Both Detroit’s and national unemployment rates have fallen from the spring of 2020, when the Covid-19 pandemic and related slowdowns caused unemployment to jump. Since that peak—when the Detroit area’s unemployment rate neared 25% and the nation’s was nearly 15%—Detroit’s rate fell below that of the nation.

The Detroit area economy grew from 2010 to 2019, and labor-force participation improved during that time, but during the pandemic, the share of adults working in the region fell. The share of those working or looking for work in Michigan was 2.5 percentage points lower than the country overall in June, according to the Labor Department.

Gabriel Ehrlich, an economist at the University of Michigan, said several factors were keeping labor-force participation low. The Detroit’s area’s median age is above the national average, so more people are probably retiring. Michigan kept Covid-19 restrictions for businesses and schools in place longer than many other states, exacerbating child care issues for families. The area’s sharp rise in Covid-19 cases in the spring may have delayed people starting job searches, he said.

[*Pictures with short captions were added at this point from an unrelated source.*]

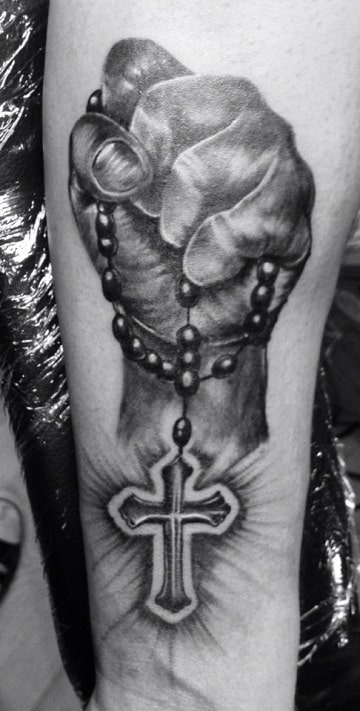 imagenes de tatuajes de rosarios sostenido en una mano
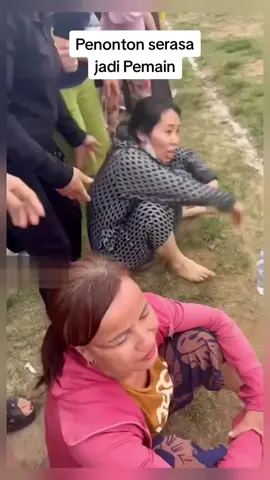 Terlalu semangat jadi penonton😁😁😁 #videoviral  #videongakak  #videokocak  #videolucu  #bolaibuibu #pecintabola 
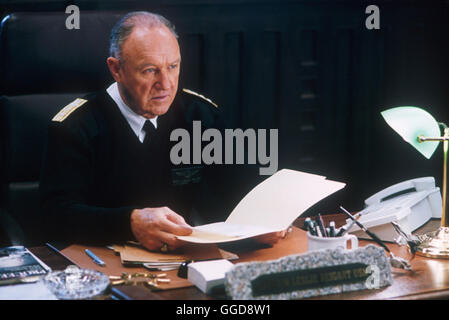 IM FADENKREUZ - ALLEIN GEGEN ALLE / dietro le linee nemiche USA 2001 / John Moore "Wir kämpfen nicht, wir beobachten nur' ist die ideare des Admirals Reigart (Gene Hackman). Doch der Kampfpilot Chris Burnett sarà, mehr als nur das capitolo Gebiet zu erkunden. Als er un einem Weihnachtstag über bosnischem capitolo Gebiet fliegt, geraten er und ein anderer hinter pilota die feindlichen Linien und werden abgeschossen. Owen überlebt und versucht aus dem Feindesgebiet zu fliehen. Da Burnett durch eigenes Verschulden hinter die Linien geraten ist, wird Ammiraglio Reigart unter Druck gesetzt: Soll er den Soldaten retten und Foto Stock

Since the city’s bankruptcy in 2013, it has attracted new development and investment as part of an effort to diversify away from its historic auto-industry base. The area has benefited from growth in white-collar, automotive-related jobs such as engineering, testing and design. The Detroit region’s financial sector also grew. The area is home to two of the country’s largest mortgage companies: Rocket Cos. and United Wholesale Mortgage.

“There’s an absolute war for talent going on in this town,” said Ronald Hall, CEO of Bridgewater Interiors, an automotive seating manufacturer. Workers can take their pick from a variety of jobs and companies, he said, so physical labor at a manufacturing plant sometimes isn’t a first choice.

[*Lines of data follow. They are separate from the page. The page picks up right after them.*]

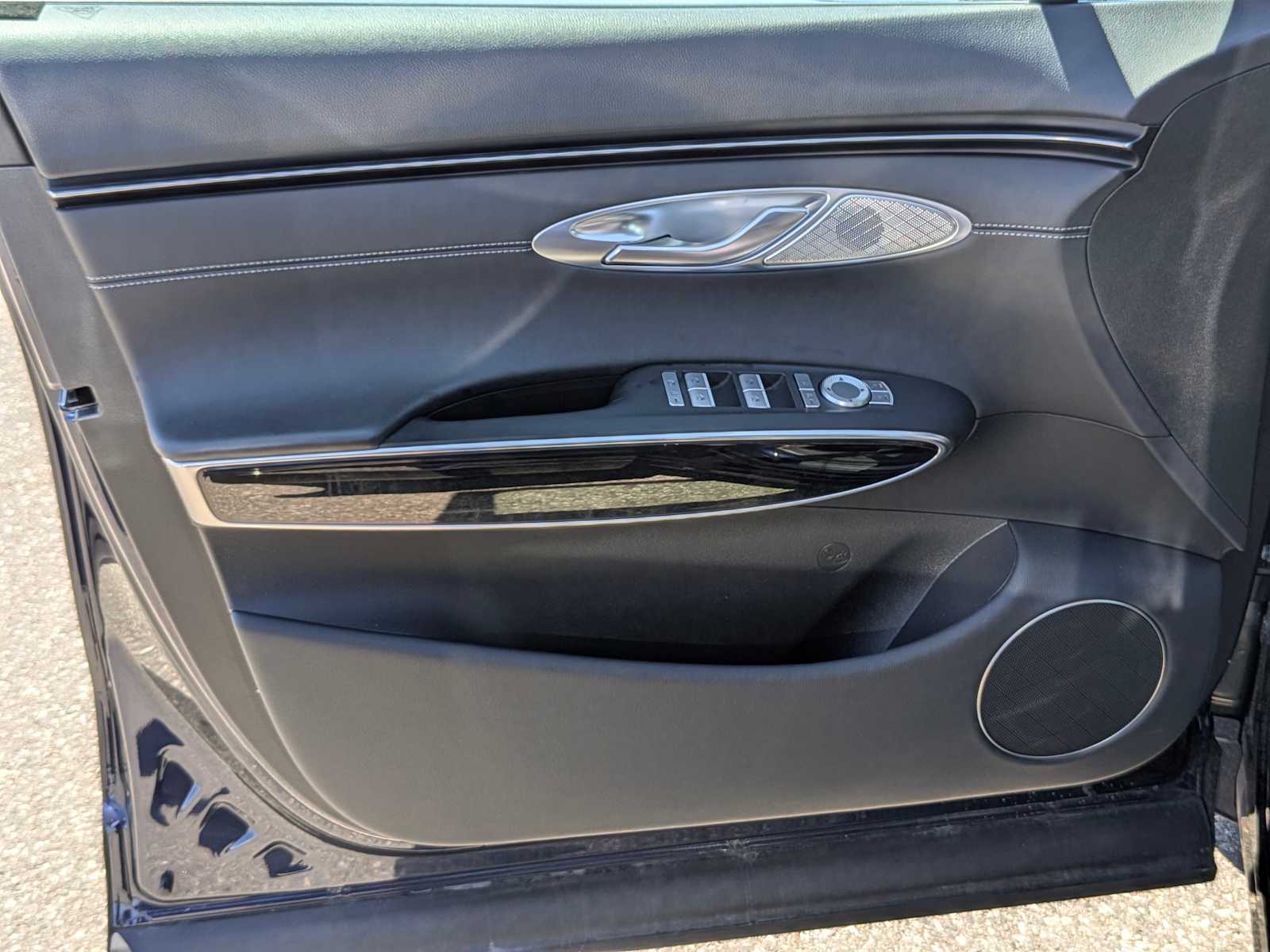 Thumbnail: 2025 Genesis GV70 - 19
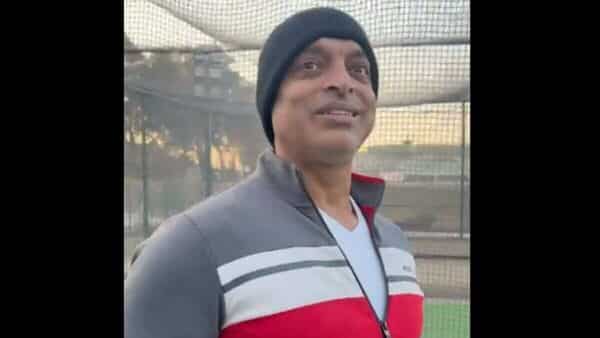 Shoaib Akhtar’s stunned reaction to 99 miles per hour delivery went viral: Watch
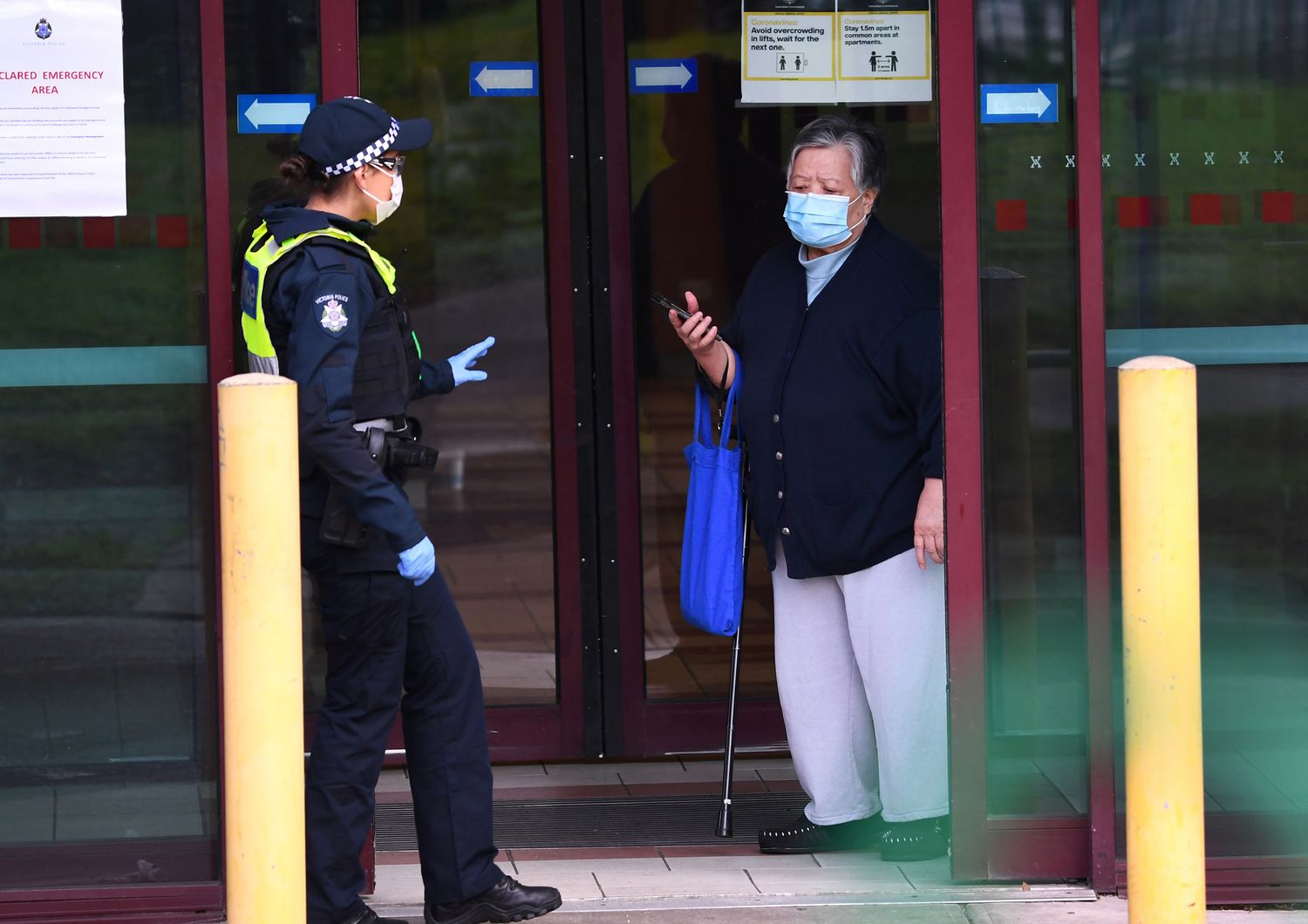 Controlli della polizia all'ingresso di un condominio di case popolari di Melbourne dove si &egrave; registrato un focolaio di coronavirus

The auto industry, still the lifeblood of the Motor City, has fared well through the pandemic, a marked difference from the past two economic downturns. One reason: Federal stimulus checks served as vehicle down payments for many. And while Democratic Michigan Gov. Gretchen Whitmer kept some Covid-19-related restrictions on businesses in place well into 2021, she allowed factories to restart in-person work in May 2020.

The industry faces supply constraints and ongoing temporary layoffs tied to chip shortages, but economists forecast strong demand for vehicles to persist for the near future as those constraints ease.

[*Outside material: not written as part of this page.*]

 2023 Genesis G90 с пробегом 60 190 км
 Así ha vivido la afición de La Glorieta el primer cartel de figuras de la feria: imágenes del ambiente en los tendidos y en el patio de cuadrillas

Yet, just outside the city center, stretches remain blighted and suffer from disinvestment. The limited public-transit system continues to make it difficult for low-income Detroiters without vehicles to take advantage of the jobs boom.

Oregon-based FCR, a call-center company, has been part of the diversification of the city’s economy. The company expanded into the area in October with nearly 200 employees all working remotely or at home and plans to add 500 more by the end of the year, said president Matthew Achak.

The company finds itself competing with others for workers,forcing Mr. Achak to boost wages, on top of medical and dental insurance perks, but dependable employees are worth the price, he said.

“It’s a strong labor force, but you have to pay for it,” he said. “This is not a place you go where you want to find cheap labor.”